Coco Martin has become an MMFF staple in the league of Vice Ganda and Vic Sotto as the go-to action guy, even collaborating at least once with both stars. We see him back solo this year in 3Pol Trobol, where he plays Apollo Balbon (Pol), a personal guard framed for the death of a high-profile politician. To prove his innocence, he searches for a ledger containing the names of those ultimately responsible.
3Pol casts out all doubts on Coco being FPJ’s successor, as if having a long-running teleserye under the latter’s moniker isn’t enough! The action set pieces and fight choreography are the same (including the signature FPJ punches). The plot points are almost exactly the same. The tropes used are the same: the morally upright hero, the virgin leading lady, the devoted mother, the irredeemable villains, and the choir of friends and ka-barangays. Coco even emulates FPJ’s tendency to cast the same actors in his films – the same hundreds of actors!

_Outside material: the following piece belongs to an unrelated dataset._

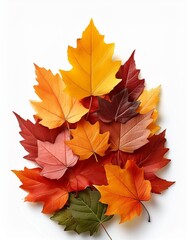 Pile of autumn colored leaves isolated on white background.A heap of different maple dry leaf .Red and colorful foliage colors in the fall season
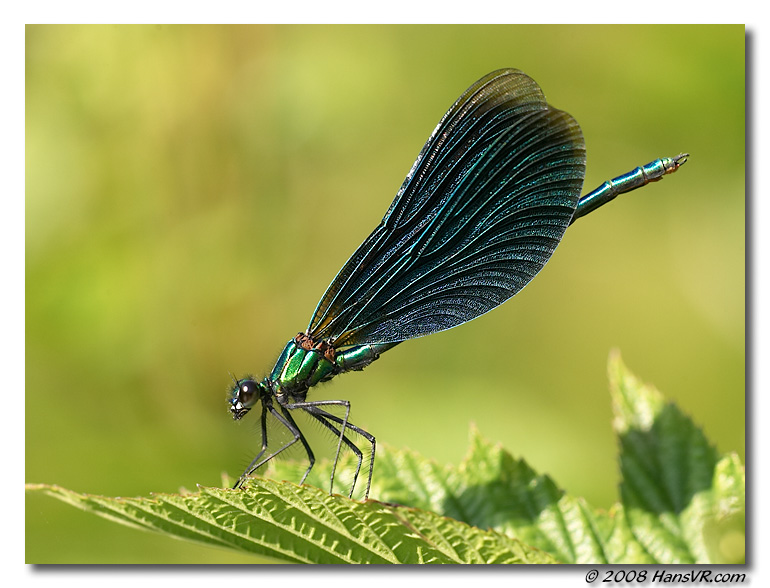 Calopteryx virgo (mas)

It makes 3Pol feel like an outdated movie that could have been popular two decades ago. I’m not sure how marketable it would be if it weren’t Coco in the starring role or if they didn’t heavily promote the re-appearance of his cross-dressing alter ego, Paloma. Everything about it is just too black and white in an age where we favor gray. It’s no longer interesting to see a squeaky clean hero with no faults or weaknesses – in fact, we crucify them and brand them as Mary Sues. Pol falls dangerously close to this territory.
It’s not just Coco but also the rest of the cast that has this same issue. Case in point is Sam Milby’s Andrew, who at the onset seemed like a conflicted character forced to follow the bidding of his parents, only to end up as a full-on villain.
3Pol Trobol is not a bad film – it’s shot well, the fight scenes are inventive if not great, and the cast’s camaraderie is palpable onscreen. Hats off to Coco for devoting so much energy into the action genre. Then again, it wouldn’t hurt to give it a fresh coat of paint.